Without any of the pictures, transcribe all the lines below exactly.

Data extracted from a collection

== Segment start ==

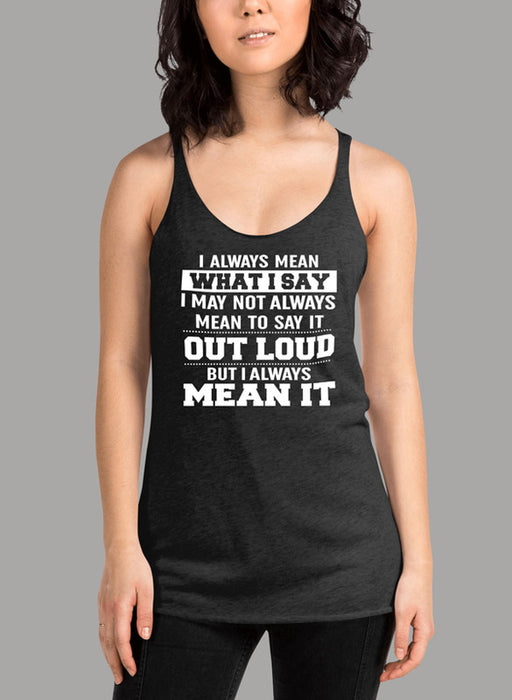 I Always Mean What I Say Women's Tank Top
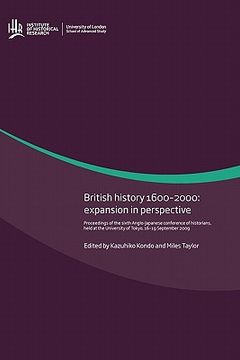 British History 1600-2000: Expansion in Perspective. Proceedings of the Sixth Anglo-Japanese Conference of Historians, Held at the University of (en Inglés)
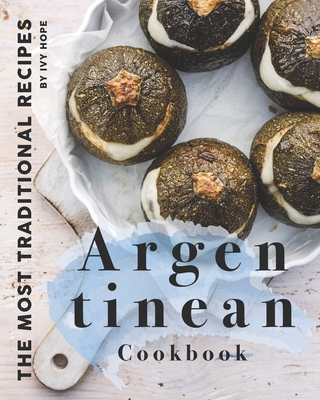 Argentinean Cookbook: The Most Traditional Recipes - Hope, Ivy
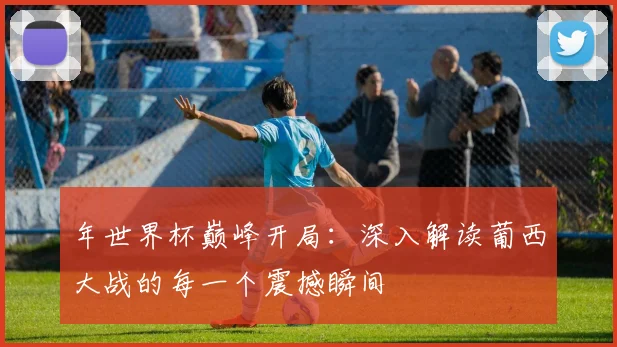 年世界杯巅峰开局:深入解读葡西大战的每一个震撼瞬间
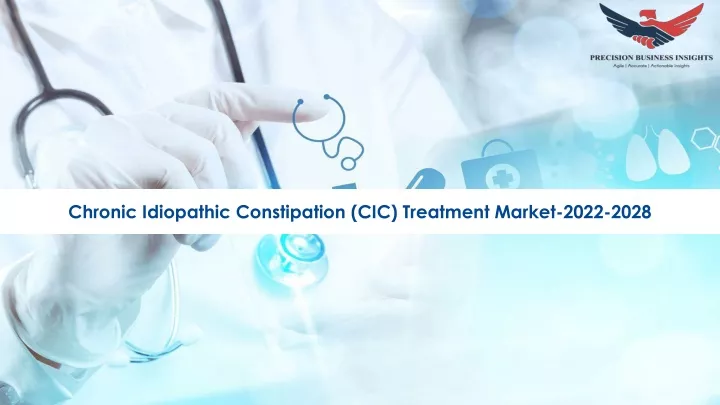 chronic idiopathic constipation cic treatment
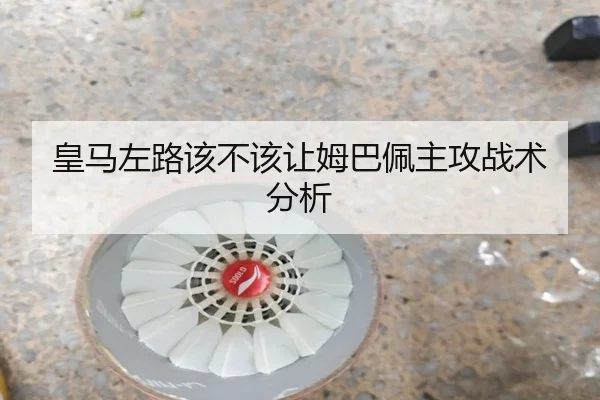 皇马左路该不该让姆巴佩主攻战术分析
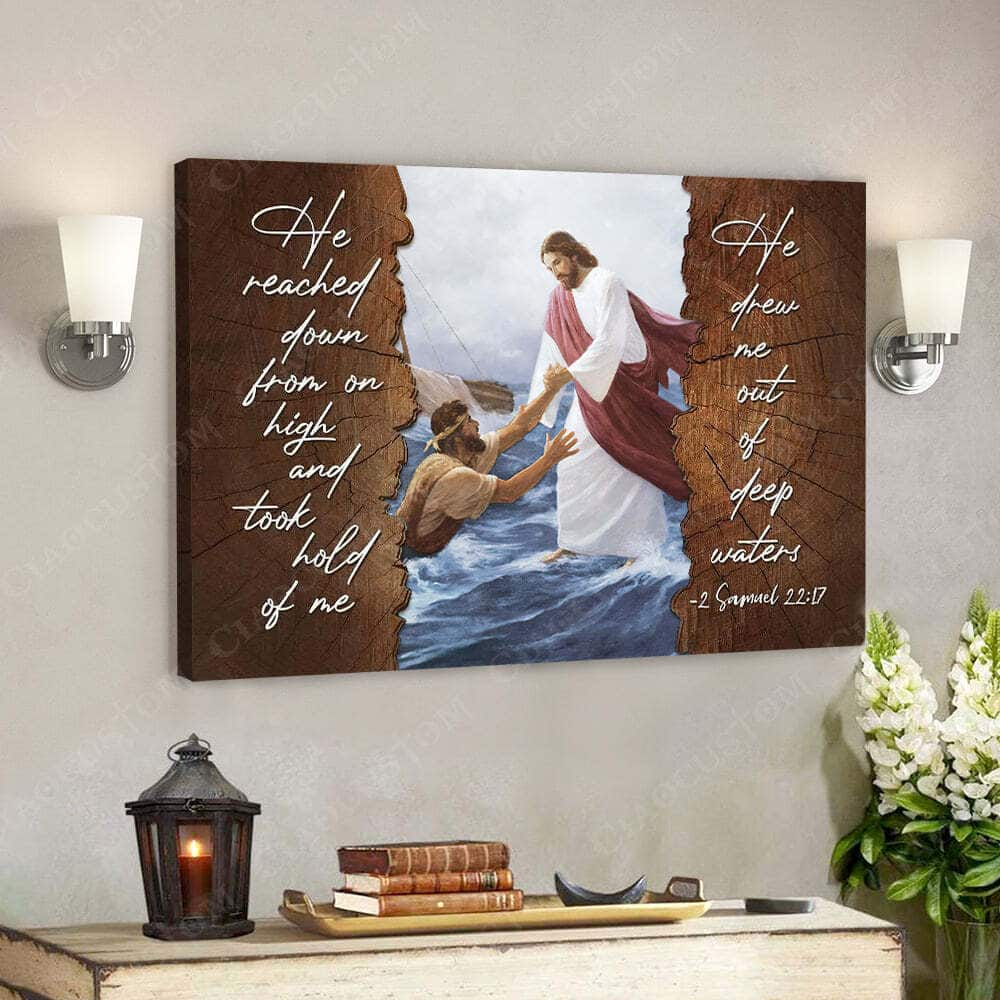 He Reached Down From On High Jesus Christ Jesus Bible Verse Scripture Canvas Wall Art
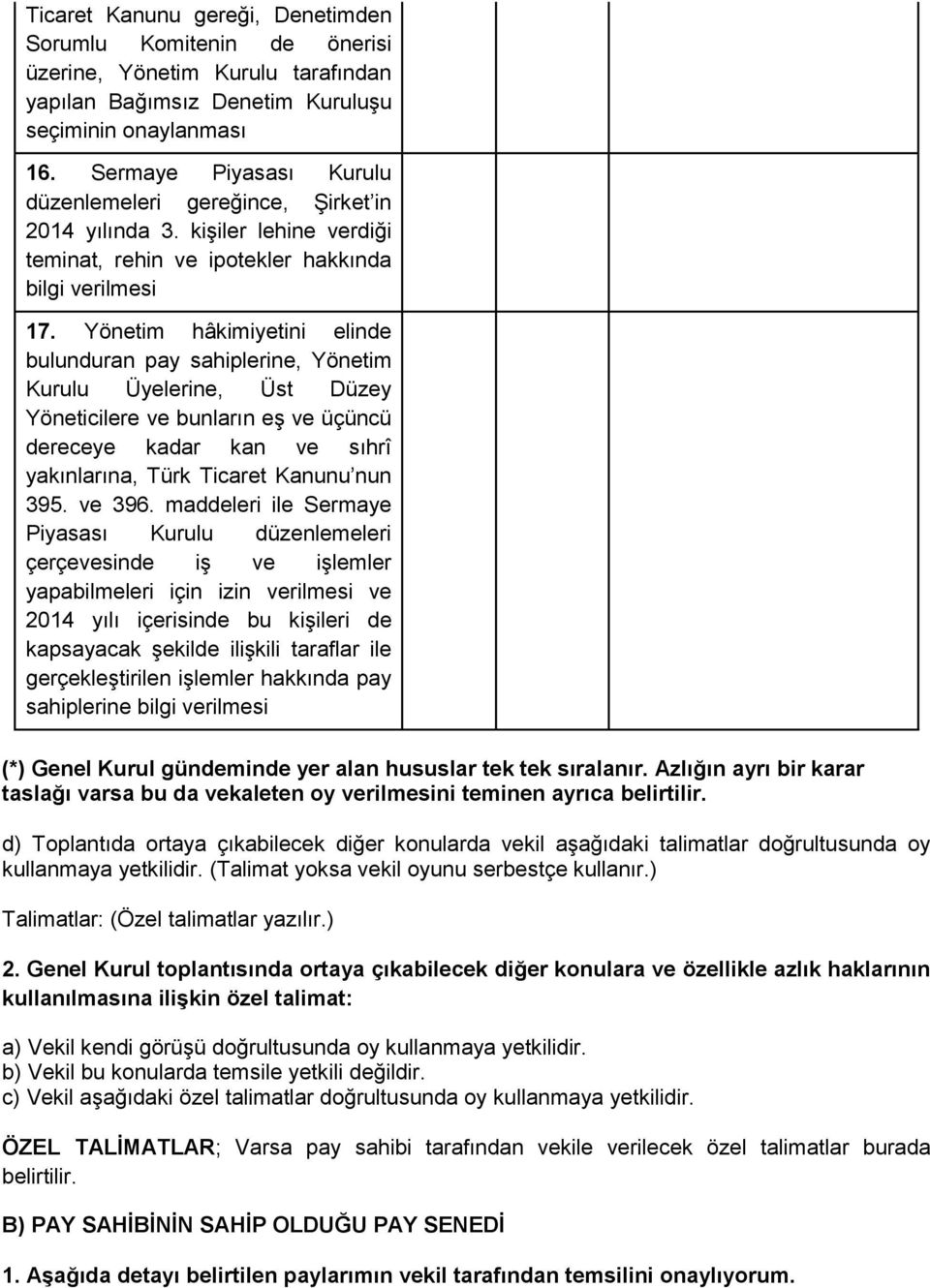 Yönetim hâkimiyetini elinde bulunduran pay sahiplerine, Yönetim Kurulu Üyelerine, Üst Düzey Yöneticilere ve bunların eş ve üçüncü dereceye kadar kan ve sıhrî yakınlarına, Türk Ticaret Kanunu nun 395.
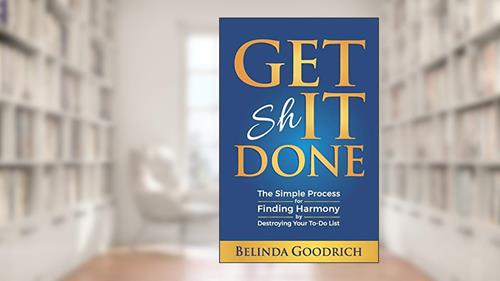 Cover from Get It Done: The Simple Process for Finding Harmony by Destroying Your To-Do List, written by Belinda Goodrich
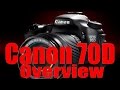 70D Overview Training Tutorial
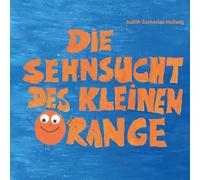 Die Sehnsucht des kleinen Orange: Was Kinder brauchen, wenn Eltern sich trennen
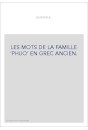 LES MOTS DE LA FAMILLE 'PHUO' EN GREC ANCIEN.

== Segment end ==

> [TASK RESULT]
 I Always Mean What I Say Women's Tank Top
 British History 1600-2000: Expansion in Perspective. Proceedings of the Sixth Anglo-Japanese Conference of Historians, Held at the University of (en Inglés)
 Argentinean Cookbook: The Most Traditional Recipes - Hope, Ivy
 年世界杯巅峰开局:深入解读葡西大战的每一个震撼瞬间
 chronic idiopathic constipation cic treatment
 皇马左路该不该让姆巴佩主攻战术分析
 He Reached Down From On High Jesus Christ Jesus Bible Verse Scripture Canvas Wall Art
 Yönetim hâkimiyetini elinde bulunduran pay sahiplerine, Yönetim Kurulu Üyelerine, Üst Düzey Yöneticilere ve bunların eş ve üçüncü dereceye kadar kan ve sıhrî yakınlarına, Türk Ticaret Kanunu nun 395.
 Cover from Get It Done: The Simple Process for Finding Harmony by Destroying Your To-Do List, written by Belinda Goodrich
 70D Overview Training Tutorial
 Die Sehnsucht des kleinen Orange: Was Kinder brauchen, wenn Eltern sich trennen
 LES MOTS DE LA FAMILLE 'PHUO' EN GREC ANCIEN.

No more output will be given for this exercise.